In the areas of life in which standard units of measurement begin to erode, interpretation takes over, and this is where my thought process goes into overdrive.
Let’s explore this idea, shall we?
Let’s begin with music. My livelihood.
The expression “close enough for jazz” really angers a lot of jazz musicians. How close is close enough for jazz? From personal experience, I can tell you that most of the improv solos I’ve ever attempted haven’t been close enough for ANYTHING. Jazz is a non-standard unit of measurement, I suppose…depending on who you ask. The expression is meant to imply that jazz has no real standard unit of measurement, angering the purists among us who try desperately to perform in the correct style for any given jazz situation. Clearly, whoever came up with this expression never had to sit through a six-hour rehearsal and listen to a lead trumpet player repeatedly fuss over the exact length of a staccato eighth note.
Pros and cons.
People are always weighing pros and cons.
Well, okay. How much does one unit of pro or con weigh, exactly? Do you begin with a starting weight for each one? After all, not every point in an issue that warrants the weighing of pros and cons carries the same level of gravity.
Hmmm. I’d like to take my friends out for seafood. I really want to invite Timmy.But…Timmy is deathly allergic to shellfish.
Let’s weigh the pros and cons here.
Pro: Get to hang out with Timmy for the evening.
Con: He might get to ride in an ambulance if we pass him the shrimp cocktail. He might even spend a little time in a coma. The starting weight for this con is about sixty units of…something…to the five units of…something…for the pro. Maybe I should even this out by seeing if everyone wants steak.
Sheesh. When are they gonna set up some standard units for the weight of pro versus con?
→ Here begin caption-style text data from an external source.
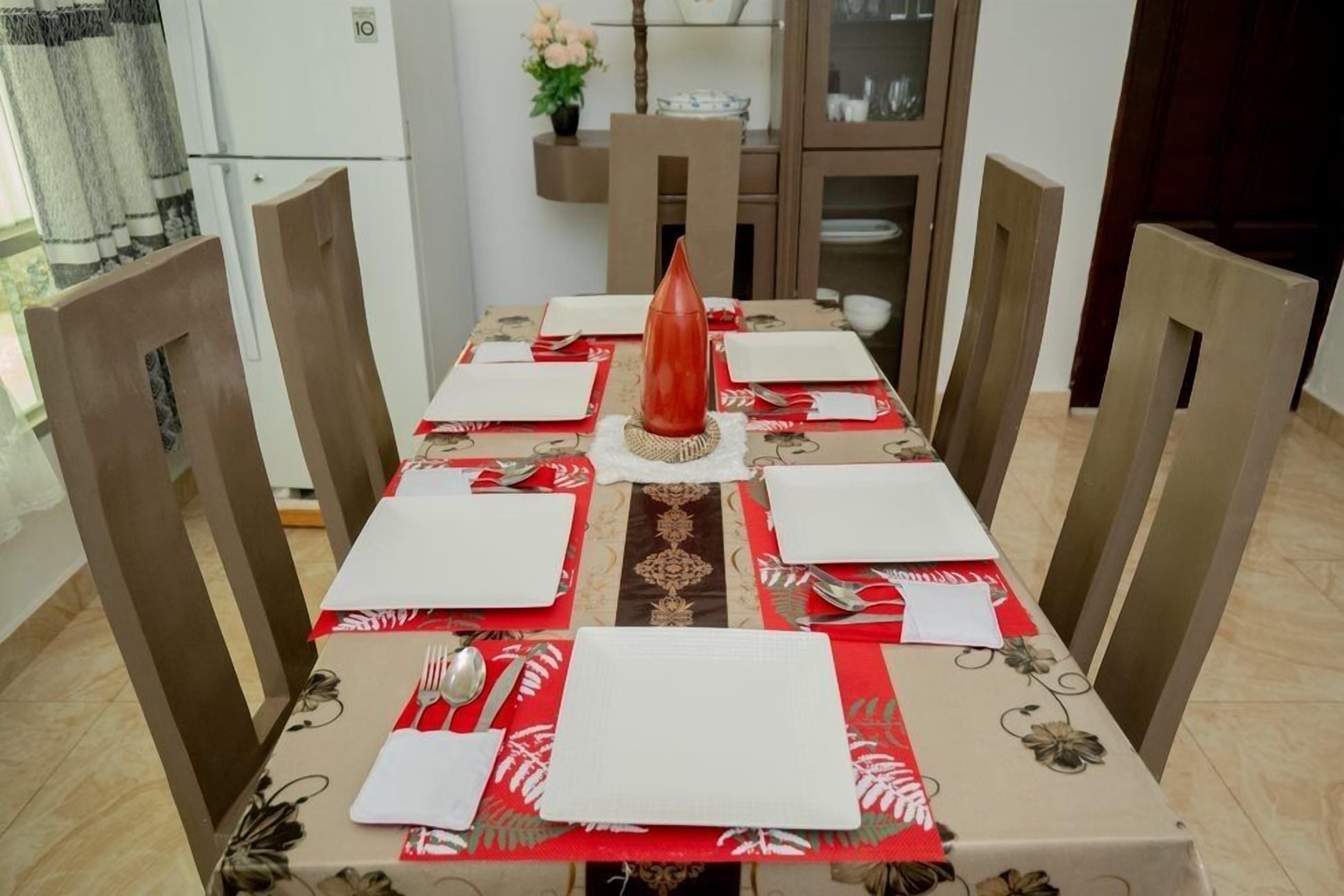 A dining table set for six with red napkins, white plates, and silverware.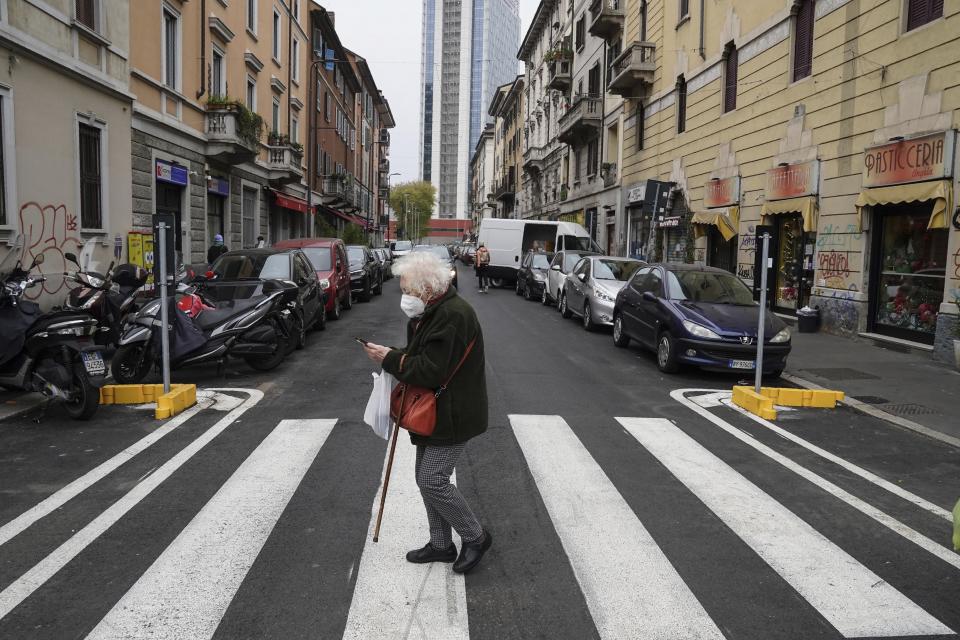 An elderly woman crosses a street in Milan, Italy, Tuesday, Dec. 1, 2020. In Italy, which has the world's second-oldest population, many people in their 70s and older have kept working through the COVID-19 pandemic. From neighborhood newsstand dealers to farmers bring crops to market, they are defying stereotypic labels that depict the old as a monolithic category that's fragile and in need of protection. (AP Photo/Luca Bruno)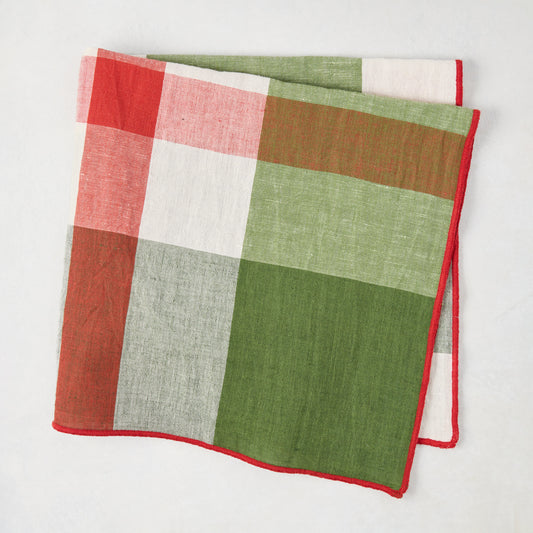 Festive green and red plaid cotton napkin with embroidered red trim, 22" square.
However, aren’t pros and cons fairly fluid concepts, anyway? Say a con becomes a pro while you’re thinking about them as they go onto the scales. Does that con truly become a pro? Or would you refer to it as an ex-con? Captivating thought.
Next up…a boatload.
I suppose this one is simply a relative term, seeing as how my first paddle boat uncomfortably seated two. Hence, its maximum boatload capacity was a grand total of two. The rich and famous have access to yachts, and a boatload to them might be a staff of six with four passengers (you know, to maintain enough personal space to ensure the luxury of the experience). A boatload could also refer to cargo, which might be packed in like sardines, which opens a whole other can of worms in this whole “standard unit of measurement” discussion.
However, seeing as how most people don’t use “boatload” in the nautical sense (it actually does have a nautical definition…I think…), its degree of relativity is open to all kinds of interpretation…although most would generally agree that a boatload is supposed to be “a lot.” (Another non-standard unit of measurement.) We’ll just leave it at “a lot.”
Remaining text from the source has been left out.